[RFC 3/8] nvmet: Use p2pmem in nvme target

Thu Apr 6 08:52:36 PDT 2017

Hey Sagi,

On 05/04/17 11:47 PM, Sagi Grimberg wrote:
> Because the user can get it wrong, and its our job to do what we can in
> order to prevent the user from screwing itself.

Well, "screwing" themselves seems a bit strong. It wouldn't be much
different from a lot of other tunables in the system. For example, it
would be similar to the user choosing the wrong io scheduler for their
disk or workload. If you change this setting without measuring
performance you probably don't care too much about the result anyway.

> I wasn't against it that much, I'm all for making things "just work"
> with minimal configuration steps, but I'm not sure we can get it
> right without it.

Ok, well in that case I may reconsider this in the next series.

>>>> Ideally, we'd want to use an NVME CMB buffer as p2p memory. This would
>>>> save an extra PCI transfer as the NVME card could just take the data
>>>> out of it's own memory. However, at this time, cards with CMB buffers
>>>> don't seem to be available.
>>>
>>> Even if it was available, it would be hard to make real use of this
>>> given that we wouldn't know how to pre-post recv buffers (for in-capsule
>>> data). But let's leave this out of the scope entirely...
>>
>> I don't understand what you're referring to. We'd simply use the CMB
>> buffer as a p2pmem device, why does that change anything?
> 
> I'm referring to the in-capsule data buffers pre-posts that we do.
> Because we prepare a buffer that would contain in-capsule data, we have
> no knowledge to which device the incoming I/O is directed to, which
> means we can (and will) have I/O where the data lies in CMB of device
> A but it's really targeted to device B - which sorta defeats the purpose
> of what we're trying to optimize here...

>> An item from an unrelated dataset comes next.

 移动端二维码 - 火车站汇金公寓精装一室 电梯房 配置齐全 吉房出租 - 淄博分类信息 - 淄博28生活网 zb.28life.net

Well, the way I've had it is that each port gets one p2pmem device. So
you'd only want to put NVMe devices that will work with that p2pmem
device behind that port. Though, I can see that being a difficult
restriction seeing it probably means you'll need to have one port per
nvme device if you want to use the CMB buffer of each device. I'll have
to think about that some. Also, it's worth noting that we aren't even
optimizing in-capsule data at this time.

> Still the user can get it wrong. Not sure we can get a way without
> keeping track of this as new devices join the subsystem.

Yeah, I understand. I'll have to think some more about all of this. I'm
starting to see some ways to improve thing.s

Thanks,

Logan